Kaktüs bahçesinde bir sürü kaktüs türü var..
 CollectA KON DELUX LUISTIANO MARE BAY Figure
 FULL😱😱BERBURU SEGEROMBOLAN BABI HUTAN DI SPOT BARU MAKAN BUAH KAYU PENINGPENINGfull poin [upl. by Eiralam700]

◆ ◆ ◆ ◆ ◆

[Work instructions] Your task is to repeat each line of the material exactly.

[Solution to this exercise]
Kaktüs bahçesinde bir sürü kaktüs türü var..
 CollectA KON DELUX LUISTIANO MARE BAY Figure
 FULL😱😱BERBURU SEGEROMBOLAN BABI HUTAN DI SPOT BARU MAKAN BUAH KAYU PENINGPENINGfull poin [upl. by Eiralam700]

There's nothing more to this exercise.